Oturan mahcup bir şekilde başını öne eğiyor. “Haklısın. Özür dilerim. Hatalı davrandım. Bunları dememeliydim”
Onun bu yaklaşımı, sinirli olanı biraz daha sakinleştiriyor. “Peki neden? Ne oldu da böyle sana yakışmayan laflar ettin? Benim bildiğim sen, böyle şeyler diyecek biri olamazsın.”
“Kafam dağınıktı. Sıkıntılarım vardı. Bir şeyler ters gidiyordu. Yanımda birinin varlığına ihtiyaç duyduğum, zorlu konuları kendi başıma halletmeye çalışıyordum. Ters giden şeylerden dolayı birilerine kızdığım için baktığım her şeye çatıyordum. Hiçbir şeye iyi gözle bakamıyordum. Hep sorun arıyor, bir şey beğenmiyordum. Yalnızdım. Sıkıntıdaydım. Kimseye bir şey diyemeden sorunları çözmeye çalışırken arada öyle saçma sözler de sarf ettim. Ne dediğimi sen bana söyleyene kadar fark etmedim bile. Söyledim geçtim. Sonra ben de kendi kendime ‘Öyle denir mi? dememeliydim’ dedim ama sana da bir şey diyemedim. Özür dilerim. Sözlerimi geri alıyorum.”
Kızgın olan iyice yumuşamış bir halde, diğerinin ellerini avuçlarına alır. “Sorunun neydi? Ben de sana neler yaşadığını sormadan, suçladım. Kusura bakma. Sinirlendim birden. Senin için yapabileceğim bir şey var mı? Sözlerini geri almandan memnunum tabi ben de senin sorunların olabileceğini düşünmedim. Bu da benim hatamdı. Her şeyi düzeltip, bunca yılın dostluğunu bozmadan yola devam edebilir miyiz?”

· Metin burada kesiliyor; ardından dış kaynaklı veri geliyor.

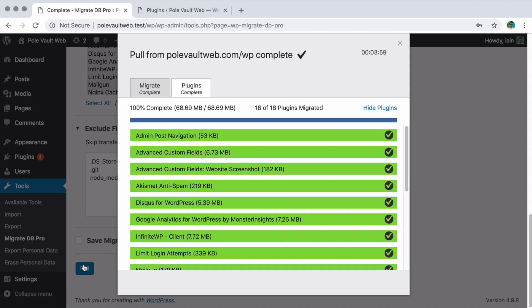Of course, we're not advocating ditching SCP or RSync if you're comfortable using those tools and server access is available. We simply believe the theme and plugin files add-on provides a convenient way of getting your files to and from your WordPress host.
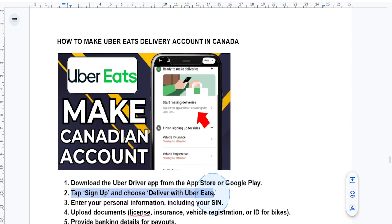And just select 'Deliver with Uber Eats' and choose your delivery method, whether it's car, bike, or scooter — whatever it is.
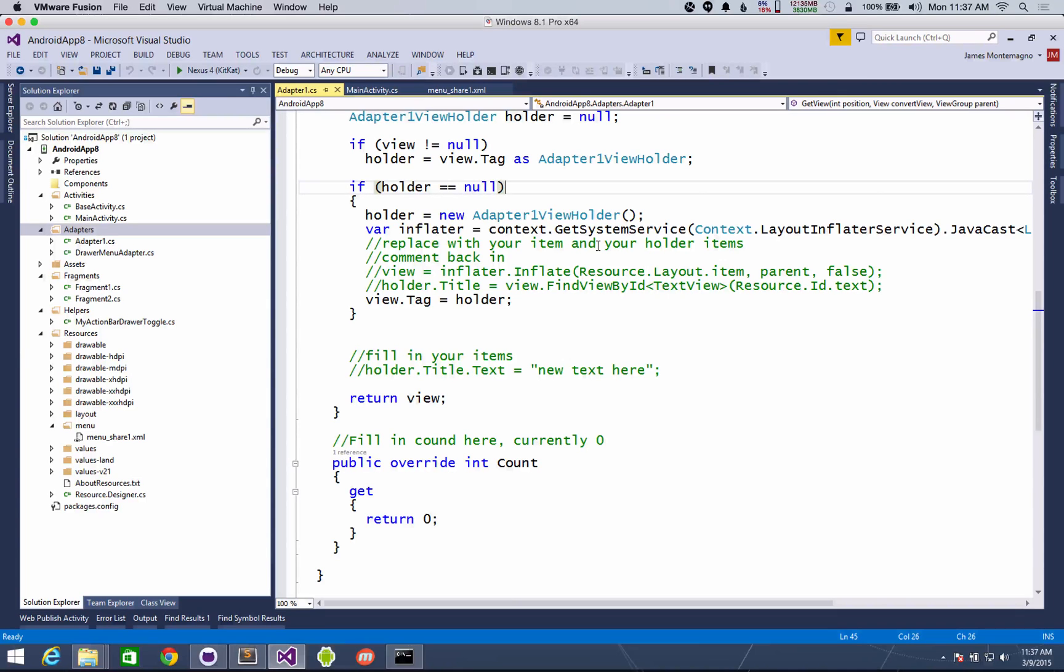You can grab it on the Visual Studio gallery under tools, extensions and updates and just search for it. Thanks and follow me on Twitter at James Montemagno.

Anlamlı bakışmalar. Özür ve mahcubiyet.
“Geçti bitti. O zorlukları şimdilik hallettim. O ara vardı. Teşekkür ederim teklifine. Şimdi daha iyiyim. Anlayışın için sana minnettarım.”
“Seni kırdığım için ben de yaptığımdan pişmanım. Senin kadar ben de hatalı sözler söyledim sana. Ne olduğunu bilmeden suçlayıp, gidiyordum az kalsın.”

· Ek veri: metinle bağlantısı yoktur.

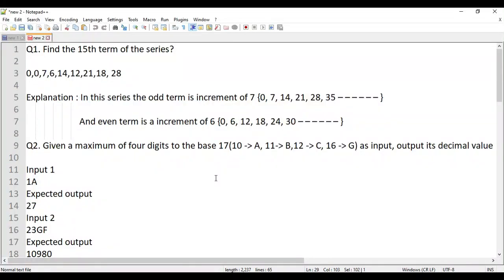Hi everyone, welcome back to another coding session. Today we'll be looking at some questions that have already come in TCS and QT before in previous years, and I think these can be repeated with slight modifications.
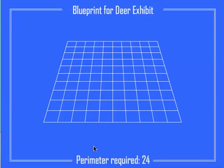Now this time for a deer exhibit I have to create an enclosure with a perimeter of 24. You have to read very carefully because it switches from area to perimeter. A perimeter of 24 means when you add all the sides up it has to equal 24.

Sarılırlar ve perde kapanır.
Şimdi siz söyleyin bakalım? Olması gereken hangisi? Neden böyle sinirli ve suçlayıcı olduk hepimiz? İnternette ne sözler okuyorum, hepsi öfke dolu. “ Gitmek isteyen gitsin, kapım açık. Kimsenin sıkıntısını çekemem. Ben değerliyim” filan.
Tamam. Herkes değerli. Hepimiz, hayatın akışı içinde sıkıntılar, dertler, acılar, zorluklar yaşıyoruz. Ama neden karşımızdakinin de sorunları olabileceğini düşünerek yardım eli uzatmıyoruz?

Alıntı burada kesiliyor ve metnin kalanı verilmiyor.